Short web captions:
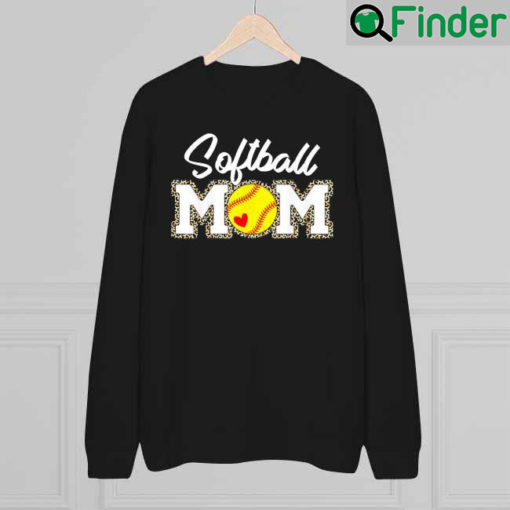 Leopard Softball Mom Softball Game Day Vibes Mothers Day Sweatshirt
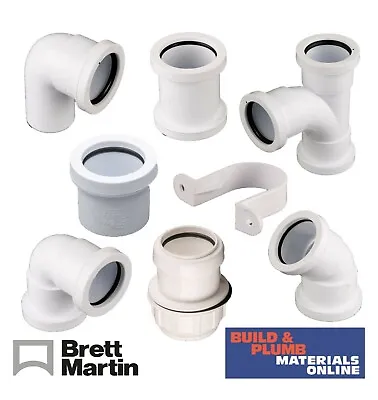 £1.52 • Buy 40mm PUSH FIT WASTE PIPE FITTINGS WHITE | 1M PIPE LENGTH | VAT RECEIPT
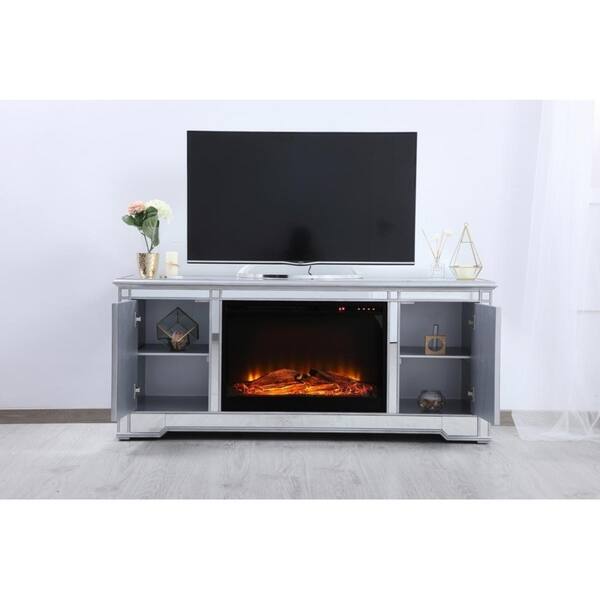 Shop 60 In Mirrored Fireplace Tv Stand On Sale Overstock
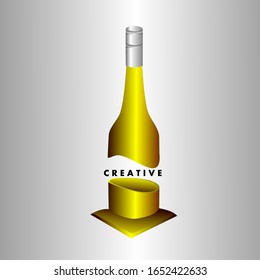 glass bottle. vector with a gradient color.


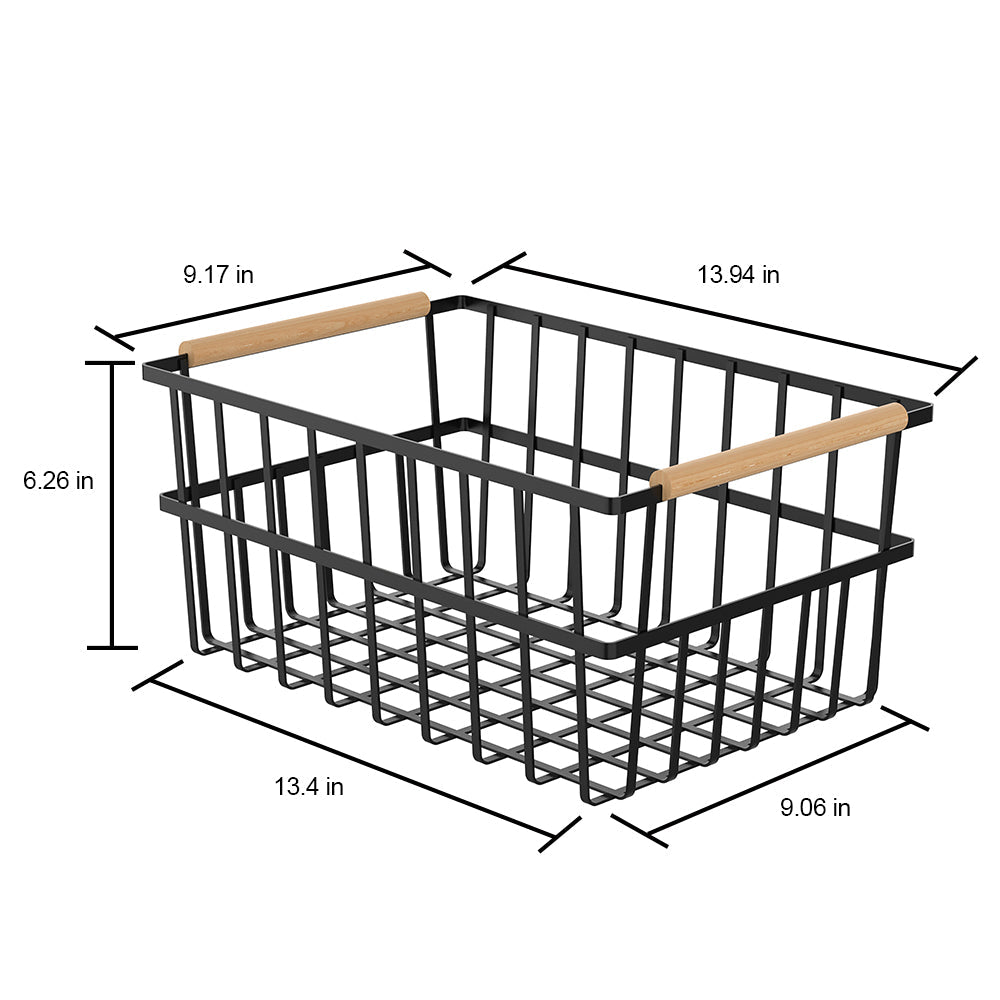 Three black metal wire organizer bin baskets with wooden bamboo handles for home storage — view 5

Work to complete: Reproduce the records in full and leave the images behind.

Written solution:
 Leopard Softball Mom Softball Game Day Vibes Mothers Day Sweatshirt
 £1.52 • Buy 40mm PUSH FIT WASTE PIPE FITTINGS WHITE | 1M PIPE LENGTH | VAT RECEIPT
 Shop 60 In Mirrored Fireplace Tv Stand On Sale Overstock
 glass bottle. vector with a gradient color.


 Three black metal wire organizer bin baskets with wooden bamboo handles for home storage — view 5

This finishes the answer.